Questo esonero da responsabilità è un ulteriore elemento da tenere in considerazione quando si acquistano dei software, si opta per il fai da te o ci si rivolge a società di consulenza. La domanda da porsi è sempre una: “se qualcosa dovesse andare storto, chi ne risponderebbe?“. La risposta è più scontata del previsto. Ne risponde chi utilizza gli strumenti senza avere una profonda conoscenza della materia e, solo se previsto nel contratto, la società di consulenza che ha effettuato la compliance, nel limite del capitale sociale versato.
Web agency e privacy
In ambito privacy la particolarità delle web agency risiede nel fatto che, diversamente da quanto accade solitamente, la maggior parte del lavoro svolto viene effettuato NON in qualità di titolare del trattamento ma bensì di responsabile dello stesso. Il responsabile è colui che tratta i dati personali su indicazione del titolare. Advertising, strategia, realizzazione siti web, promozione, sviluppo di app, gestione dei social: tutto quello che fa una web agency per un cliente rientra in questa categoria.

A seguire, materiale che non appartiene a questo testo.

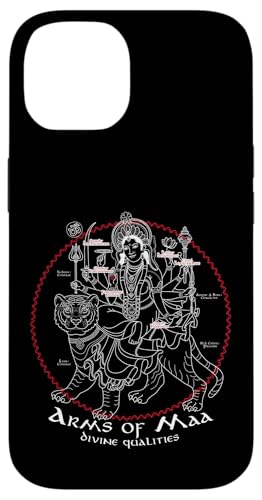 Maa Durga Arms Divine Qualities Spiritual Symbol Hindu Case for iPhone 14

Come si gestisce quindi tutto questo? Nel libro è ben spiegato, attività per attività. Da titolari a responsabili, le agenzie sono costrette alla gestione di una mole enorme di dati, ma spesso queste attività vengo i sottovalutate purtroppo. Soprattutto quando si tratta, per esperienza, dei dipendenti (il capitolo 6 è dedicato proprio a questo).

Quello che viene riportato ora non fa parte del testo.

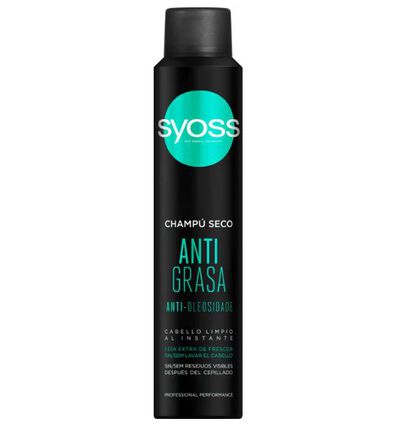 Champu Seco Syoss 200ml Anti Grasa Cabello Limpio Al Instante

La regola generale è molto semplice (come si legge nel libro): chiunque tratta dati di una persona deve informarle del fatto che lo sta facendo. Questo viene a prescindere dal consenso, a prescindere dal fatto che il dato sia stato raccolto dal titolare stesso o sia stato acquisito in seguito, magari tramite acquisto di lead o liste. L’informativa è la base del trattamento e gli interessati devono sempre essere informati di chiunque stia trattando il proprio dato. Ma a chi dare l’informativa? In quali casi? Lo scoprite nel libro, insieme ai passaggi necessari per redigerla.

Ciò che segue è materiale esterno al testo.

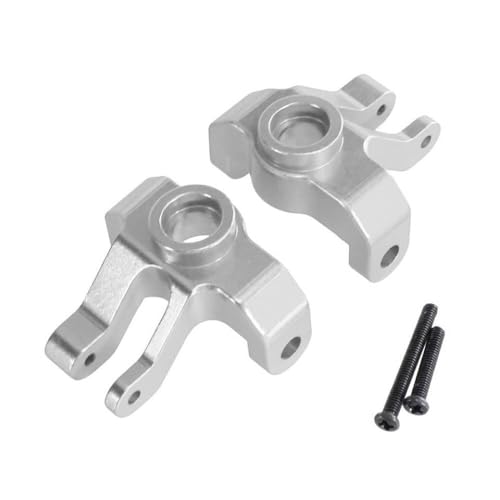 QMLQRGKF 1pcs Mn1/2 Mn128 Mn86s Mn-86K (s) G500 4 × 4 RC Fernbedienungsauto-Upgrade Teile Zubehör Vorderachse Lenkbecher(Silver) von QMLQRGKF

Cosa devi sapere sulla privacy
Registro dei trattamenti, messa a norma di un sito web (per gli ecommerce è uscito un nuovissimo libro a maggio 2023 “Legal Ecommerce” di cui abbiamo parlato qui), i ruoli che la GDPR richiede, il pericolo di un data breach (la violazione dei dati personali), le richieste che gli “interessati” possono fare riguardo i loro dati, il lato sicurezza spesso trascurato e, infine, le sanzioni in cui si incorre se non si rispetto quanto sopra.
Scoprirete tutto questo e tantissimo altro in poco più di 200 pagine.
Sono sempre dell’idea che ognuno deve fare il proprio lavoro. E leggendo questo libro ne sono ancora più consapevole.
Non basta conoscere la materia (a grandi linee) per applicarla correttamente. Per quanto ogni capitolo abbia i suoi riferimenti giuridici e sia ben spiegato, la soluzione per una corretta compliance è sempre affidassi ad un professionista.
Certo è che questo libro da’ ad ogni marketers e proprietario di agenzie web l’idea di TUTTO quello che serve per essere in regola. Nozioni da sapere, per poter fare bene il lavoro di tutti i giorni. Concetti chiave e definizioni sono anche riprese, in breve, nel capitolo riassuntivo finale con tanti esempi concreti per “mettersi in regola” con la normativa in modo semplice.
“La legge non ammette ignoranza”, ricordatelo.